I found this to be pretty funny.  The “editor” over at C?N has once again tried to pin down Erwin McManus to the emergent movement.  And, once again he/she/it has failed.

The whole article is over Mosaic’s annual Origins Conference, held in the Los Angeles Area every year.  His opening line is as follows:

“Emerging Pastor David trotter blogs about the recent origins conference sponsored by Erwin McManus’ Mosaic Alliance.”  (emphasis mine)

Simply looking at the date would show the “editor” that the event in question was held in June of 2005.  Should three years ago be considered “recent”?  If they can’t even get the dates right, how is he/she/it going to get the content right?  Or maybe they are just running out of recent material.

The part that I found hilarious was this quote from the blogger about a session at the conference with Alex McManus that C?N took offence over

Alex asked us “how did you get here?” His main point was a reminder that no one (including ourselves) brought us to this point – God did.

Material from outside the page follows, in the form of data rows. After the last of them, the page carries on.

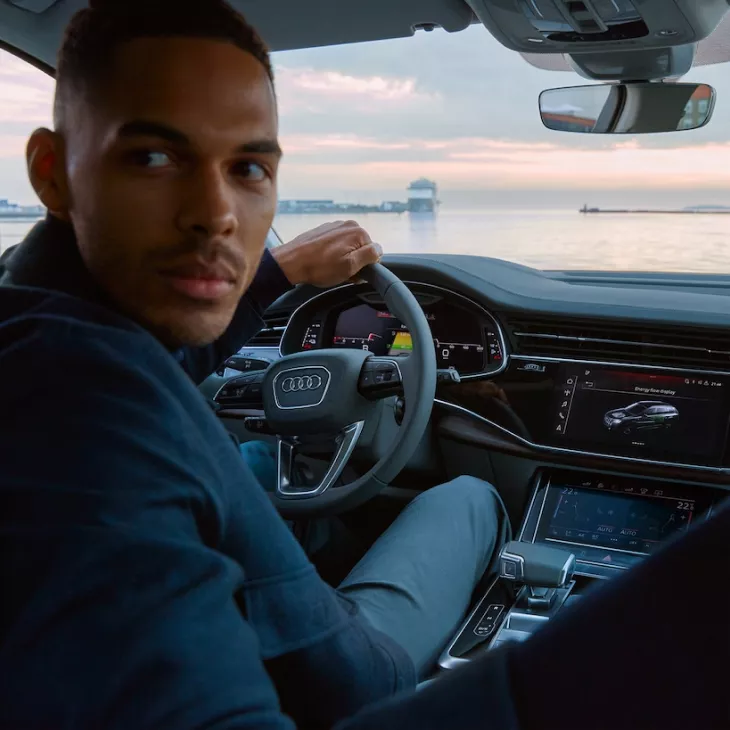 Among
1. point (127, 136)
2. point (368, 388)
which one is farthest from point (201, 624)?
point (368, 388)

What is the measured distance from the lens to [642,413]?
104 inches

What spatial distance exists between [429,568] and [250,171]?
3.34ft

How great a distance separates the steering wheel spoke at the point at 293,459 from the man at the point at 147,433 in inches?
34.4

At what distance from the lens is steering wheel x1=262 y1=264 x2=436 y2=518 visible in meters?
2.08

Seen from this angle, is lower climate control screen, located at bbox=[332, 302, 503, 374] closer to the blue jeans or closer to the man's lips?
the blue jeans

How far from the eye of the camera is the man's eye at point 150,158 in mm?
1091

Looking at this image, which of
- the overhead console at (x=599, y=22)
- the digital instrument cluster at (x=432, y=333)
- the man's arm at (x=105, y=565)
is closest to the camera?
the man's arm at (x=105, y=565)

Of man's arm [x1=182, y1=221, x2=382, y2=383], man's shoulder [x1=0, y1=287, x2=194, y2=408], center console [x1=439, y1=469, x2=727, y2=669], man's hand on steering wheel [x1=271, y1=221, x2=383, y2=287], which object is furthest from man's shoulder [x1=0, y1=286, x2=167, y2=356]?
center console [x1=439, y1=469, x2=727, y2=669]

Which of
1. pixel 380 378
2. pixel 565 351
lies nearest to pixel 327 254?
pixel 380 378

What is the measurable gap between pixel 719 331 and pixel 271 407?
1293 millimetres

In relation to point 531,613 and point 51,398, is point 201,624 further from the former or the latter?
point 531,613

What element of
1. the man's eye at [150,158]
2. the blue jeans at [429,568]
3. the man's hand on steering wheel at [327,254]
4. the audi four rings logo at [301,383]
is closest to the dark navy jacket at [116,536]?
the man's eye at [150,158]

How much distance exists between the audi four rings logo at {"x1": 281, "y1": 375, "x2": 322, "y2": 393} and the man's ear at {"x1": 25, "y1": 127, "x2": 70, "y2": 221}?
1214 millimetres

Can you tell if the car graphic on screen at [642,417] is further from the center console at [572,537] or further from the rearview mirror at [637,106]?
the rearview mirror at [637,106] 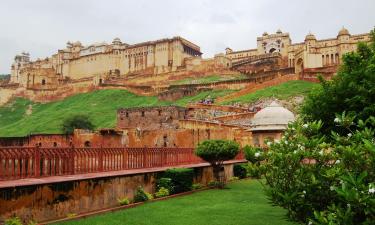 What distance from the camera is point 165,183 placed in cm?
1395

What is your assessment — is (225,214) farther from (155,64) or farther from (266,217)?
(155,64)

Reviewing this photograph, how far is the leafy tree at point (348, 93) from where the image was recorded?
10.8m

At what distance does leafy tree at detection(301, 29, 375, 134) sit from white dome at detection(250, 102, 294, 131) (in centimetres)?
787

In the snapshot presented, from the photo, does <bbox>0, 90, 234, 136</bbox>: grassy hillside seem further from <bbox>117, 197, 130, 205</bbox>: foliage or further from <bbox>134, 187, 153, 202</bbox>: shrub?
<bbox>117, 197, 130, 205</bbox>: foliage

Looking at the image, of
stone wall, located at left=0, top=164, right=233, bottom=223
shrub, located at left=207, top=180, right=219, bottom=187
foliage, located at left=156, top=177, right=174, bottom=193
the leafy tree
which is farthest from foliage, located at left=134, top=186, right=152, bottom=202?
the leafy tree

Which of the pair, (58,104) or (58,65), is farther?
(58,65)

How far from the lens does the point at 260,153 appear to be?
278 inches

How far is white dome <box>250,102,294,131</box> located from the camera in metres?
21.2

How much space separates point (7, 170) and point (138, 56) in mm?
80975

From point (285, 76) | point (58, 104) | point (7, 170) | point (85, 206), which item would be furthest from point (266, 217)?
point (58, 104)

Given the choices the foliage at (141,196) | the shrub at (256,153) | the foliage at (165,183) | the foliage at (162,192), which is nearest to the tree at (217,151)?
the foliage at (165,183)

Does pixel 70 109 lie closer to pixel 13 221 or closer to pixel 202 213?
pixel 202 213

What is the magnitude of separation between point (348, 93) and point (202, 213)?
5.03 meters

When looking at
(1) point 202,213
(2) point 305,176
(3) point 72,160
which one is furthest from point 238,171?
(2) point 305,176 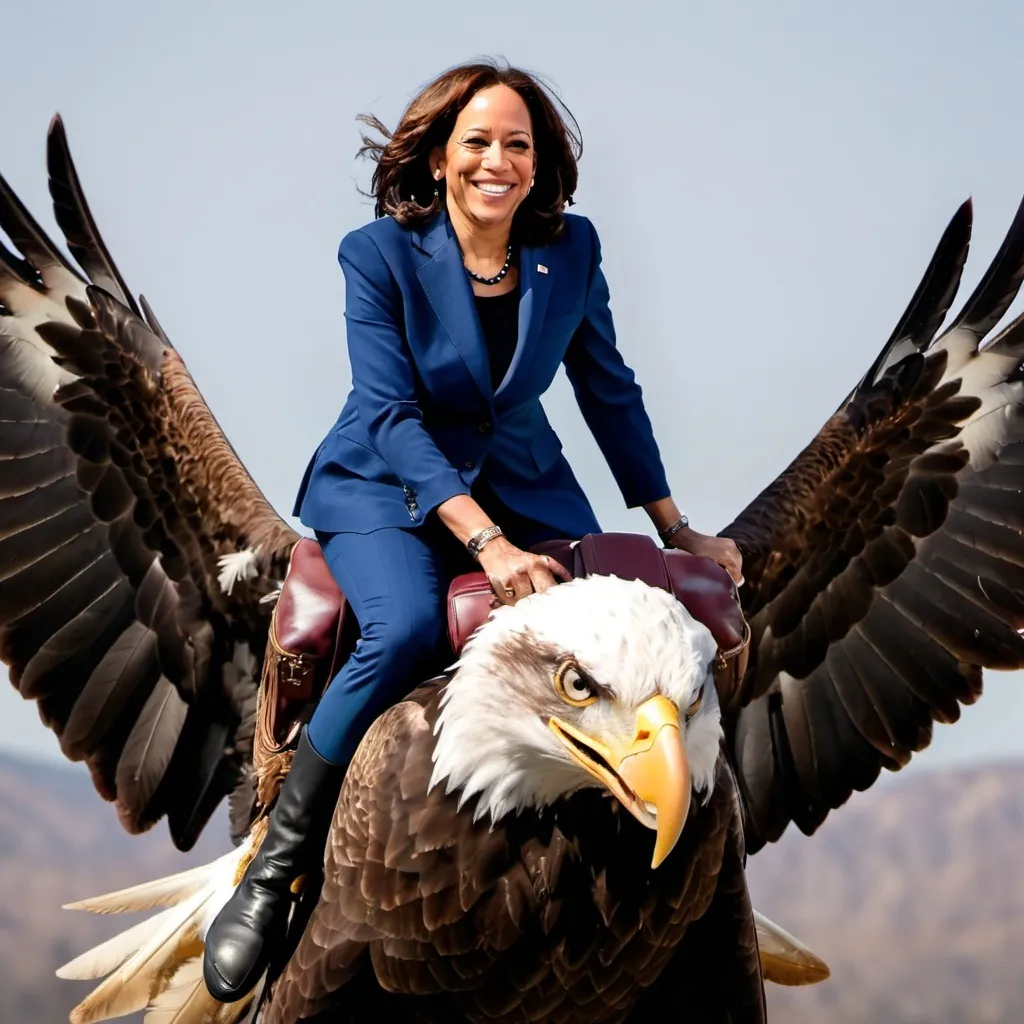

God has called us to do what we’re doing

Sound like a good ol’ reformed thought, right?  God had ordained and called to do what we are doing.  Ironically, the “editor” accuses Alex McManus of this

(editor’s note:  fatalism)

I pretty much laughed for the good part of three minutes.  Here is a man at a conference in 2005 who is not a reformed theologian.  He makes a statement about God calling us to do what we are doing, and he is suddenly teaching fatalism.

Of course when we point out that the majority of reformed theology is based on a fatalistic theology, we are accused of defecating on the blood of the reformers.  But, I guess when you gotta keep the tabloids coming, you will dig pretty deep for a story.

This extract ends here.